Circus Magazine Editor Recalls Firing Legendary Drummer

Circus Magazine Editor Recalls Firing Legendary Drummer

March 15, 2015

Former Circus Magazine associate editor Corey Levitan recently shared the story of being forced to fire one of his idols. During the late ’80s and early ’90s, legendary drummer Carmine Appice was working with such underrated hard rock bands as King Kobra and Blue Murder, while also ‘writing’ a drum column for Circus Magazine. However, through a post at LinkedIn, Levitan finally reveals the entertaining truth behind Appice’s ‘Drum Clinic’ column and the drummer’s subsequent firing.

Carmine Appice “wrote” a drum column for Circus Magazine, where I had just landed the dream job of associate editor. The reason “wrote” is in quotations is because Carmine would fax in a page of music tablature with a handwritten introduction (often as few as three nearly illegible words, such as, oh I don’t know: “Play Hella Loud”).

Even though I didn’t play drums or read music, it was my job to take this tablature, along with Carmine’s three-or-slightly-more words, and transform them into an authoritative instruction column for drummers consisting of between 500-800 words. Every month, I would call Carmine and ask him to provide more detail, and every month, this would annoy him.

“I don’t know,” he would say in a heavy New Yawk accent. “It’s just a song. You’re the writer. I gotta go.”
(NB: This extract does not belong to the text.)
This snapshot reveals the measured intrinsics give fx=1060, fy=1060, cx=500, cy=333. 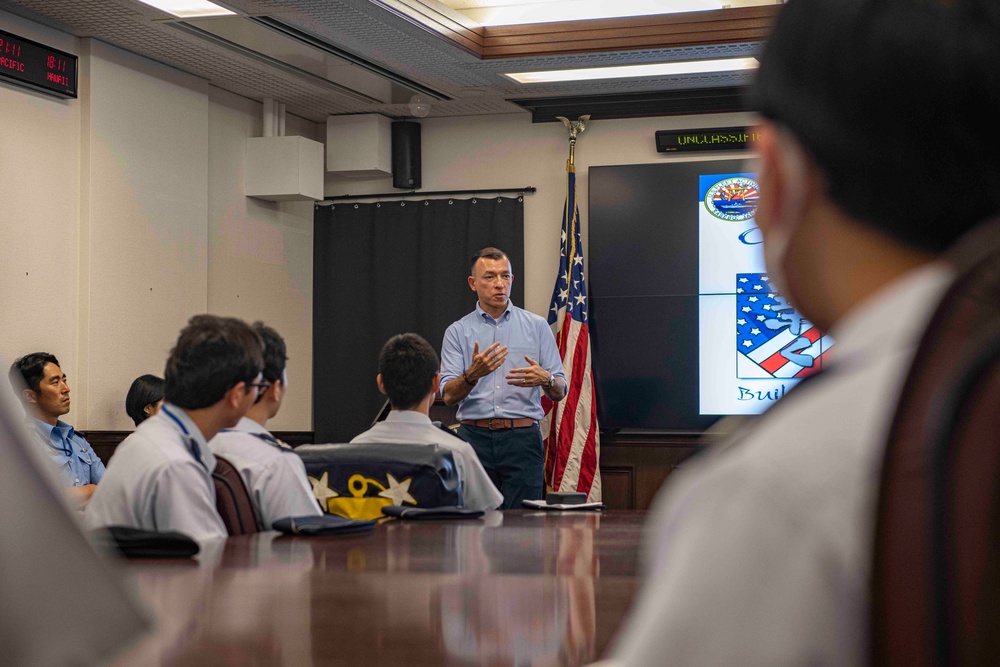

Did you learn to play drums by reading Carmine Appice’s “Drum Clinic” column in Circus magazine from 1989 to 1991? Then I need to personally apologize, because I’m the reason you probably suck.

You see, almost everything in that column was made up by someone who didn’t know the first thing about what he was talking about. I just used a lot of technically correct words — “accents,” “rolls” and “paradiddles” were among my favorites — in ways I prayed were correct, interspersing my nonsensical instruction with constant warnings that “it’s really the feel that matters more here, though.”

I have to stop and explain something. As a kid, I was a huge fan of Carmine’s legendary backbeat for Rod Stewart and Jeff Beck. I knew that Carmine’s drumming was one of the inspirations cited by Led Zeppelin’s John Bonham, my favorite drummer of all time. (Carmine’s band, Vanilla Fudge, opened Zep’s very first American tour.)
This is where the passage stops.